## EXERCISE
When copying the data below, keep only the lines from the one with "Switching to track" through the one with "In this Microsoft", word for word, and skip the pictures.

Data entries:
# # # # # # #

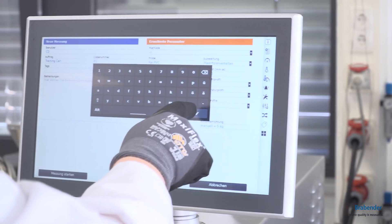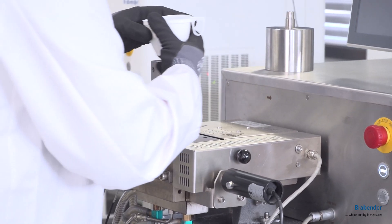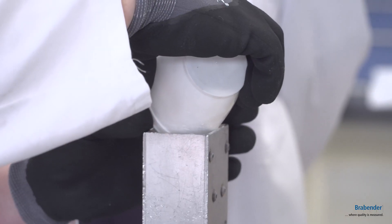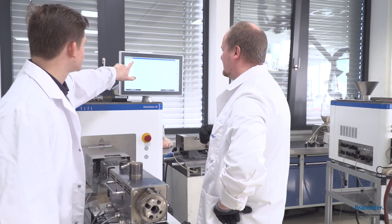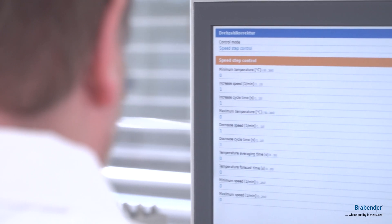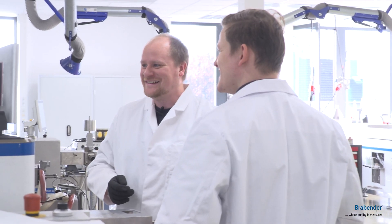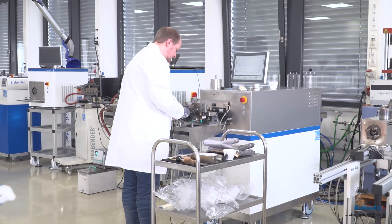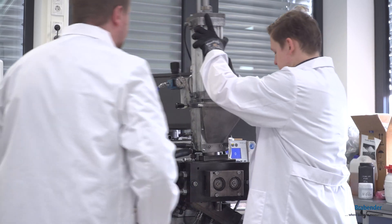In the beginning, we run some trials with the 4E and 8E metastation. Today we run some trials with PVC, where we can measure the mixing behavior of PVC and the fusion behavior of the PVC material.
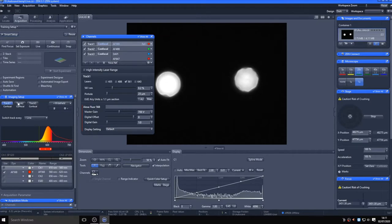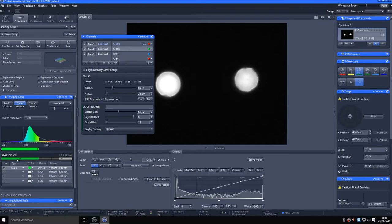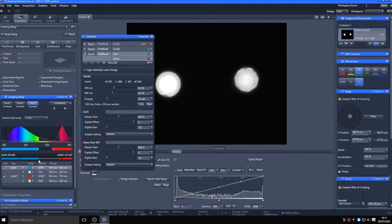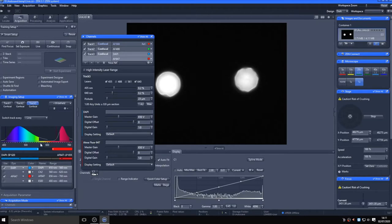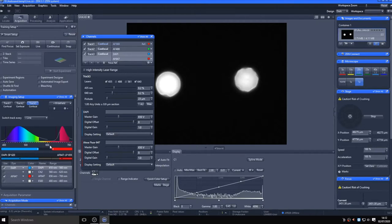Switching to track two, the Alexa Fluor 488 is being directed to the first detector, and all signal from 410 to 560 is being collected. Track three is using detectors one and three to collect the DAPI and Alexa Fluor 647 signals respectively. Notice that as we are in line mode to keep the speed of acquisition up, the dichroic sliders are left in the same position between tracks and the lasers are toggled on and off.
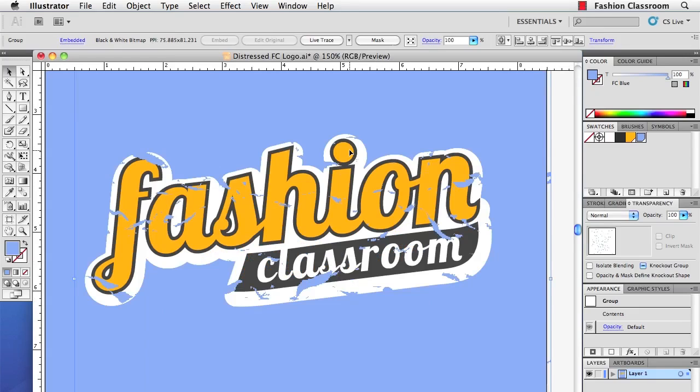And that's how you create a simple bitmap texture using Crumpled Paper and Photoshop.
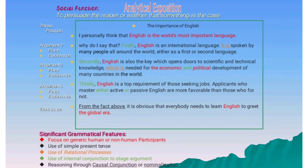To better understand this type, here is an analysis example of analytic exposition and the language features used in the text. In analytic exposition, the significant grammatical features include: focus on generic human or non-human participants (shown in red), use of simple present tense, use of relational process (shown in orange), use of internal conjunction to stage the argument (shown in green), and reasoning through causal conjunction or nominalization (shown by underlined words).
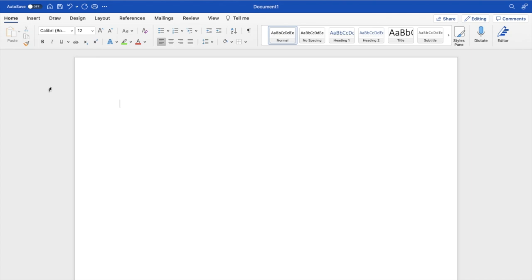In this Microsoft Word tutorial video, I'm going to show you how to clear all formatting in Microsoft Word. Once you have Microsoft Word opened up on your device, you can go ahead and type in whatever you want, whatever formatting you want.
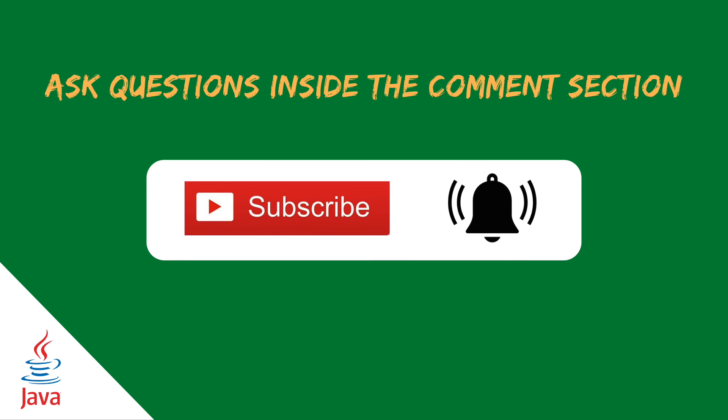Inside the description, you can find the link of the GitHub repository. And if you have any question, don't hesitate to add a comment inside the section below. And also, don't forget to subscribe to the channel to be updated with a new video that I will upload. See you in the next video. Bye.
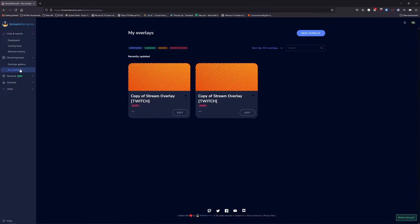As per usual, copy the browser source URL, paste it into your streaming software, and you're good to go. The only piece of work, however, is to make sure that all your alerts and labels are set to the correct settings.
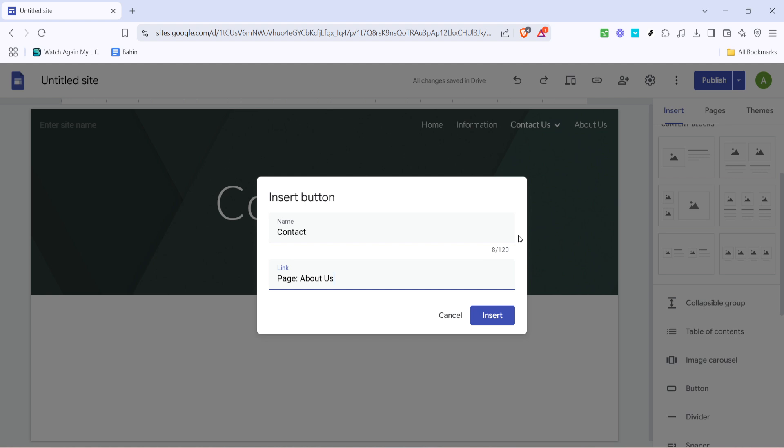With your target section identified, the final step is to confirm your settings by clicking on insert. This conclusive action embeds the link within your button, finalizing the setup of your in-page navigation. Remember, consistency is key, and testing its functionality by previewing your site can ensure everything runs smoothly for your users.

# # # # # # #

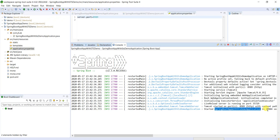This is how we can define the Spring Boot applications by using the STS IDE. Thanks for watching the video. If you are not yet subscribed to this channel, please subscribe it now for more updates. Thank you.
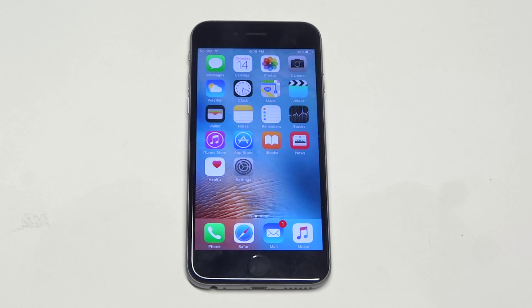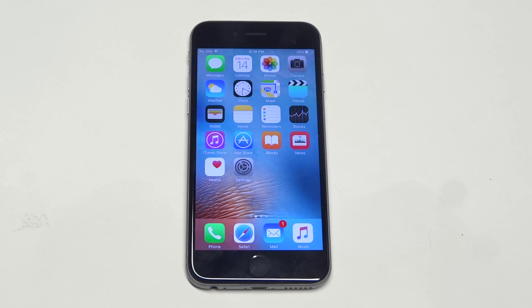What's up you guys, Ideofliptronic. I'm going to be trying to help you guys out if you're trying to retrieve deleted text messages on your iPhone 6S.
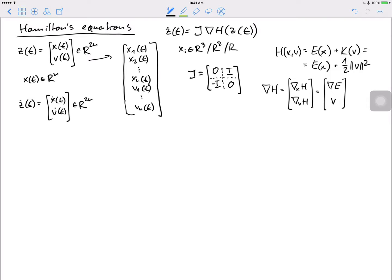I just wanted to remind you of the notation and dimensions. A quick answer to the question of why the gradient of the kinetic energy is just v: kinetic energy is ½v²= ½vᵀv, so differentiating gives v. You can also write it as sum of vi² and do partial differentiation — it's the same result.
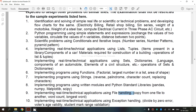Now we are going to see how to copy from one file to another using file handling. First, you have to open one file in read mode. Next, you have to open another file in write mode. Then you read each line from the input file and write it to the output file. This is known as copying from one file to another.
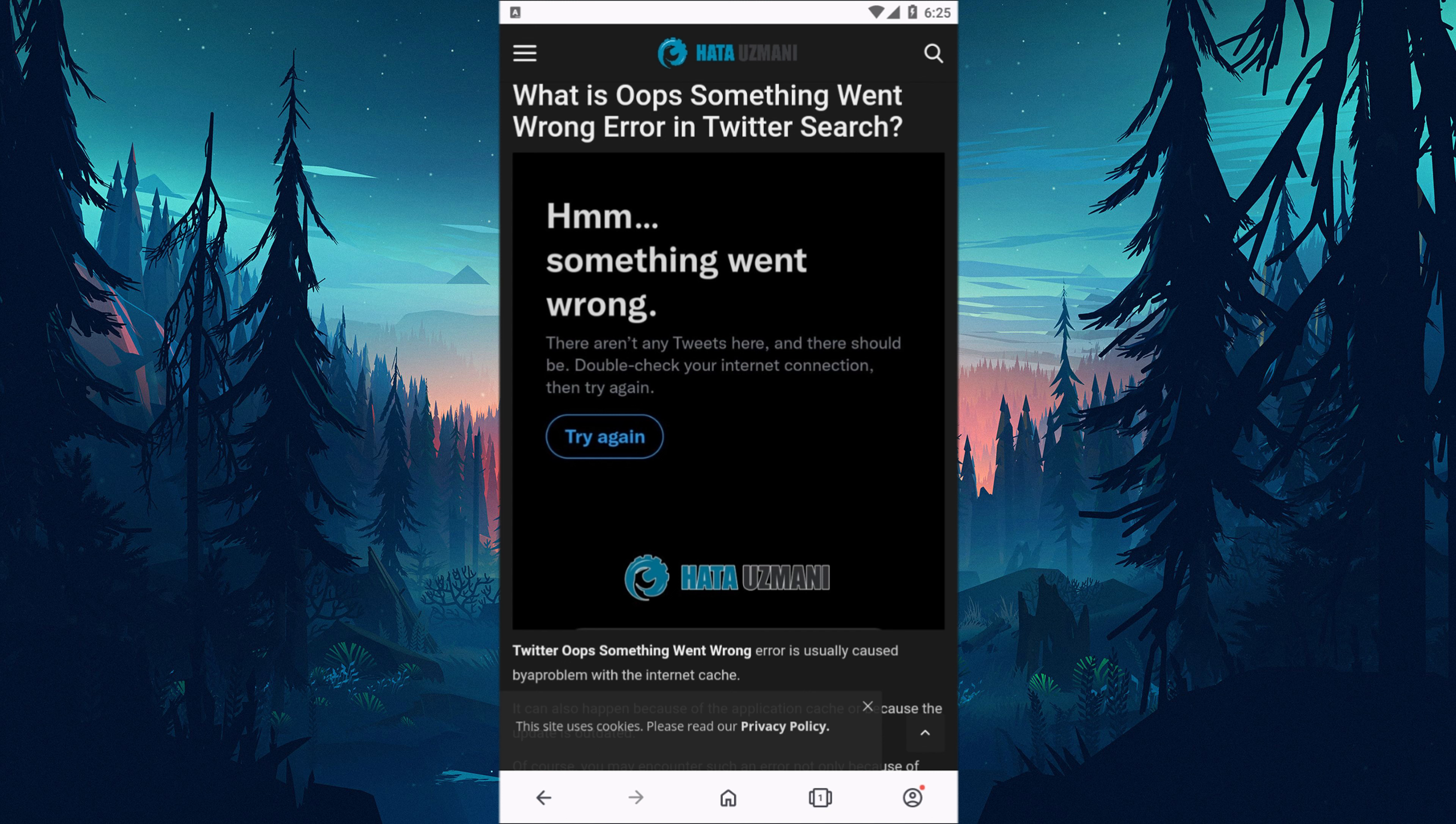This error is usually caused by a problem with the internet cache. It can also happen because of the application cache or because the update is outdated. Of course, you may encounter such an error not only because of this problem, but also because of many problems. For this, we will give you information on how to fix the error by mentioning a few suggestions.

# # # # # # #

## THE COMPLETED TASK
Switching to track two, the Alexa Fluor 488 is being directed to the first detector, and all signal from 410 to 560 is being collected. Track three is using detectors one and three to collect the DAPI and Alexa Fluor 647 signals respectively. Notice that as we are in line mode to keep the speed of acquisition up, the dichroic sliders are left in the same position between tracks and the lasers are toggled on and off.
And that's how you create a simple bitmap texture using Crumpled Paper and Photoshop.
To better understand this type, here is an analysis example of analytic exposition and the language features used in the text. In analytic exposition, the significant grammatical features include: focus on generic human or non-human participants (shown in red), use of simple present tense, use of relational process (shown in orange), use of internal conjunction to stage the argument (shown in green), and reasoning through causal conjunction or nominalization (shown by underlined words).
In this Microsoft Word tutorial video, I'm going to show you how to clear all formatting in Microsoft Word. Once you have Microsoft Word opened up on your device, you can go ahead and type in whatever you want, whatever formatting you want.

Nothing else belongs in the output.